Suona la sveglia alle 6.15. È una di quelle mattine in cui vorresti aver fatto un sogno, ma sei abbastanza sveglia e cosciente per capire che non lo è, e ricordi con chiarezza quello che ti aspetta nella lunga giornata che ti si prospetta davanti.
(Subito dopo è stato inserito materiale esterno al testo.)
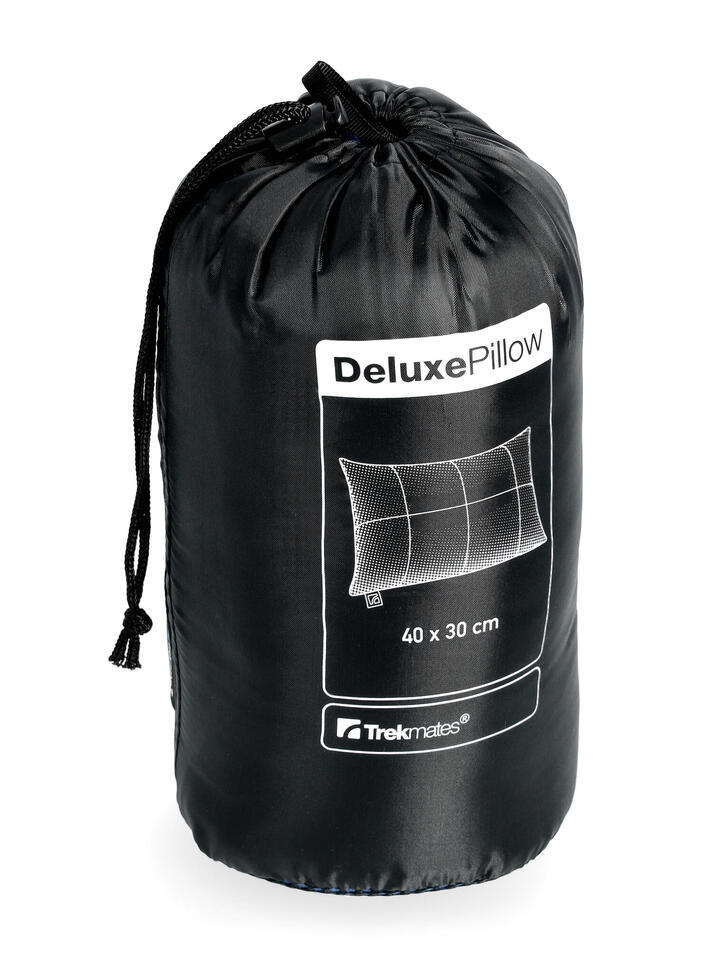 Poduszka Trekmates Deluxe
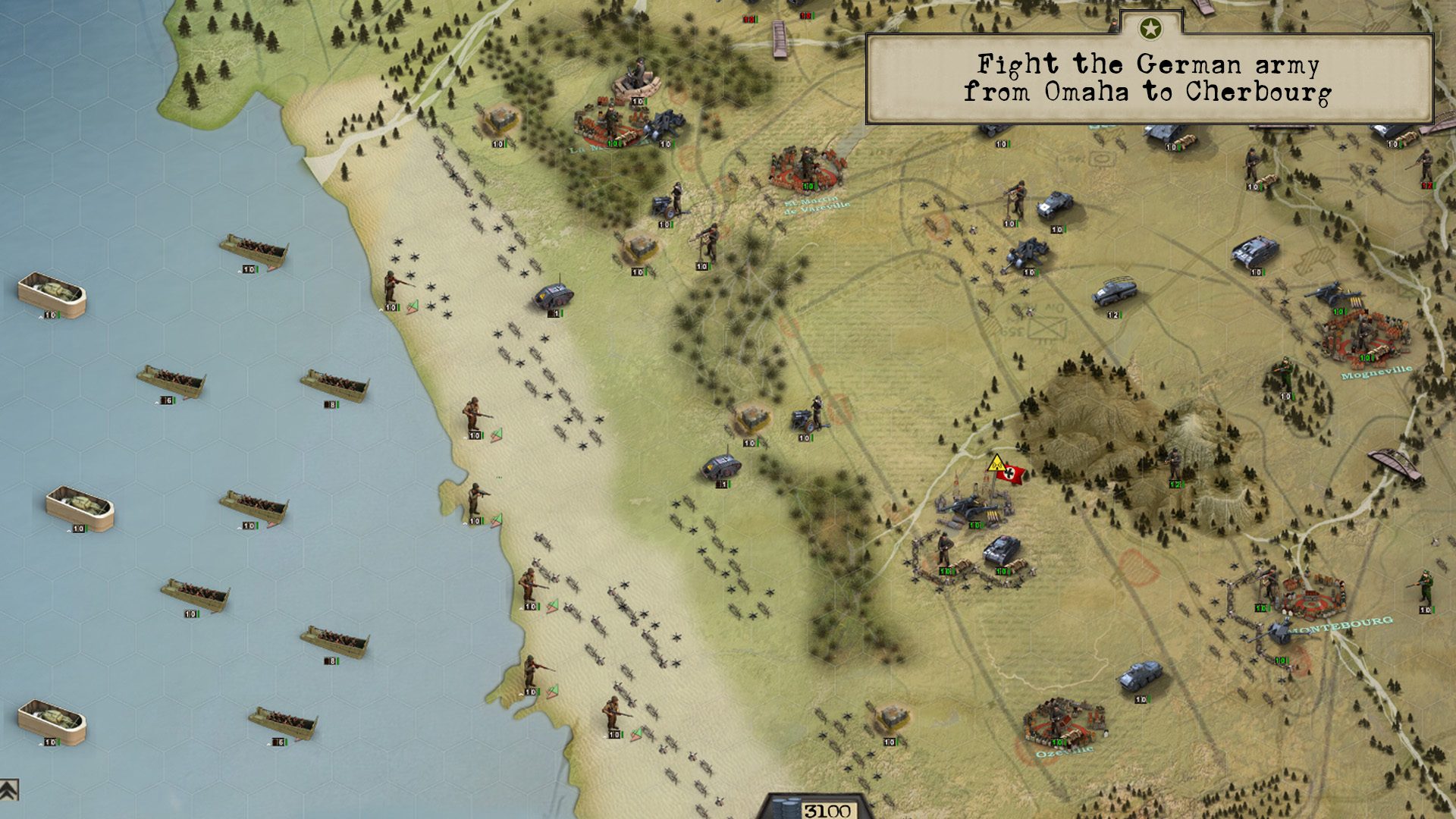 Frontline : Longest Day Screenshot 5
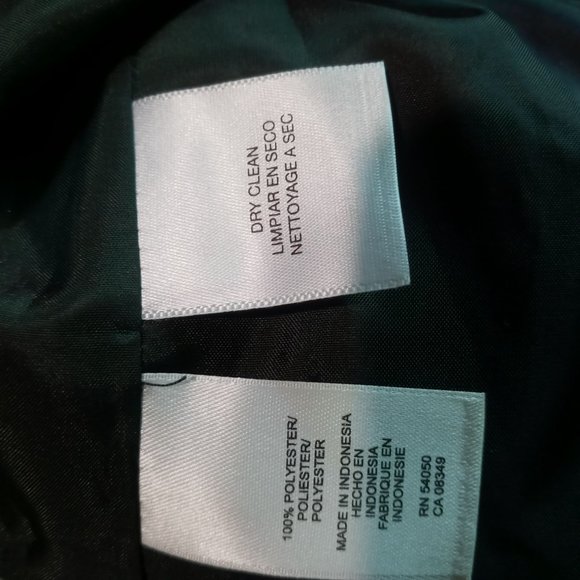 Jones Wear Womens Size 10 Dress  Fit and Flare above the Knee Pockets - Picture 4 of 9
Le lamentele tra me e me mi riempiono la testa: «Inizieranno ad arrivare tutti assieme, lagnandosi dell’attesa diranno sciocchezze e volgarità fra loro, grembiuli e mani sporche di coloranti e diluenti…».

 

Devo recarmi in una delle concerie più grandi e d’eccellenza della Lombardia, una delle poche sopravvissute alla crisi; circa 150 dipendenti dai 20 ai 65 anni: è a loro che questa mattina dovrò prelevare il sangue. Mi faccio coraggio e parto, ricordandomi che nulla è per caso, e proprio oggi ci devo credere.

 

L’ingresso mi appare più quello di un lussuoso hotel che di una fabbrica. Mi viene aperta l’infermeria, dove sistemo il tutto per cominciare a lavorare. Il primo è così giovane che mi fa tenerezza. Al mio buon giorno la sua risposta secca è: «Sono qui a lavorare e non può essere un buon giorno». Io di rimando: «Pensa a quanti giovani disoccupati si alzeranno questa stessa mattina dicendosi che senza un lavoro non è un buon giorno!». Lui mi guarda negli occhi mentre gli stringo il laccio emostatico attorno al braccio magrissimo: «Certo – replica –, ma avere un lavoro non significa sempre aver risolto tutto». In silenzio penso: «Quante frasi fatte rovesciamo addosso ai giovani senza ascoltarli sino in fondo, frasi che servono a farci sentire saggi, adulti!». Luca è lì, in quella conceria, ma non si sente al posto giusto; è giovane, ma pare già vecchio.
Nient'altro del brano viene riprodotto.